It's just a place to start. We run them through a system like this and then also just the old school look estimate how long it will take X hourly rate = total. Compare the two and go from there.

For the bagged salt. Think about how many times those are handled. It all costs you money. You have to pick it up, unload and store it, reload and then load and spread it. Your time and fuel is worth something. Your space to store it even if it's your own garage is worth something.


----------



## halfkeck (Sep 9, 2015)

One thing I look at being a novice is different salt pricing on asphalt vs concrete. Looks to me I can use bulk on asphalt but worry about rock salt on newer concrete. Dentist I do just built a new lot all brand spanking new concrete. Anyone else look at such when pricing?


----------



## JustJeff (Sep 9, 2009)

jhall22guitar;2045945 said:


> I figure 1,000 to 1,500 because everything seems to spread heavy.

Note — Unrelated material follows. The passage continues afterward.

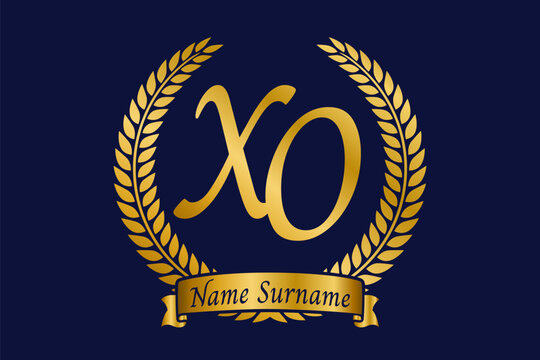 Initial letter X and O, XO monogram logo design with laurel wreath. Luxury golden calligraphy font.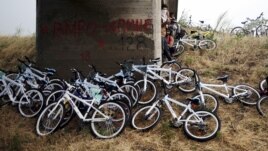 Immigrants from Syria stand near their bicycles as they hide from the rain under a bridge near the Greek border with Macedonia, June 17, 2015.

1,000-1,5000 lbs. per acre???


----------



## btlawncare (Oct 27, 2015)

ryde307;2053257 said:


> It's just a place to start. We run them through a system like this and then also just the old school look estimate how long it will take X hourly rate = total. Compare the two and go from there.
> 
> For the bagged salt. Think about how many times those are handled. It all costs you money. You have to pick it up, unload and store it, reload and then load and spread it. Your time and fuel is worth something. Your space to store it even if it's your own garage is worth something.


I would love to use bulk salt. That's $90 a ton compared to the 49 bags to a pallet at $6. per bag. I have the SnowEx 575x and they recommend the bags. I don't know if the bulk would work. I heard it has more dust content in the bulk so my thinking is it would chunk up quicker? I'd rather buy bulk and put it in 5 gallon buckets.


----------



## btlawncare (Oct 27, 2015)

Harleyjeff;2053350 said:


> 1,000-1,5000 lbs. per acre???


He was answering my question to how far a 50lb bag would go. 1000 to 1500 square feet.


----------



## JustJeff (Sep 9, 2009)

btlawncare;2053541 said:


> He was answering my question to how far a 50lb bag would go. 1000 to 1500 square feet.

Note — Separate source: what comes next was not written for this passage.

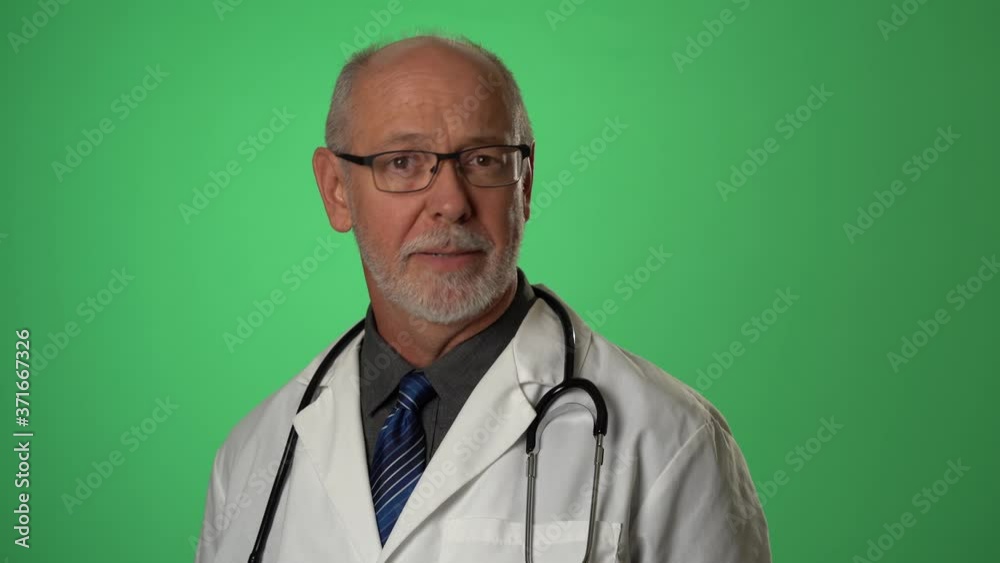 Male doctor wearing a lab coat and stethoscope portrait giving medical advice and consulting with a patient via a video conferencing call on green screen. Male doctor wearing a lab coat and stethoscope portrait giving medical advice and consulting with a patient via a video conferencing call on green screen.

Okay, gotcha. I was misreading it thinking you were laying down that much salt per acre.


----------



## Wayne Volz (Mar 1, 2002)

*Bidding help*

We offer a Snow and ice management package that includes estimating time and material for different types of jobs. Everything is based on your equipment, your use rights, and your overhead. Check us out at www.profitsareus.com. You can also click on our sponsor link on this site. Put our 36 years of experience to work for you as a full-service lawn and landscaping company. Call me if you have any questions at 800-845-0499.


----------



## C & K SERVICES (Oct 18, 2015)

halfkeck;2053319 said:


> One thing I look at being a novice is different salt pricing on asphalt vs concrete. Looks to me I can use bulk on asphalt but worry about rock salt on newer concrete. Dentist I do just built a new lot all brand spanking new concrete. Anyone else look at such when pricing?


I bite the bullet and buy sure melt plus for all applications and charge $0.35/ lb and a per hour spread charge. Works out to $17 a bag of salt plus labor


----------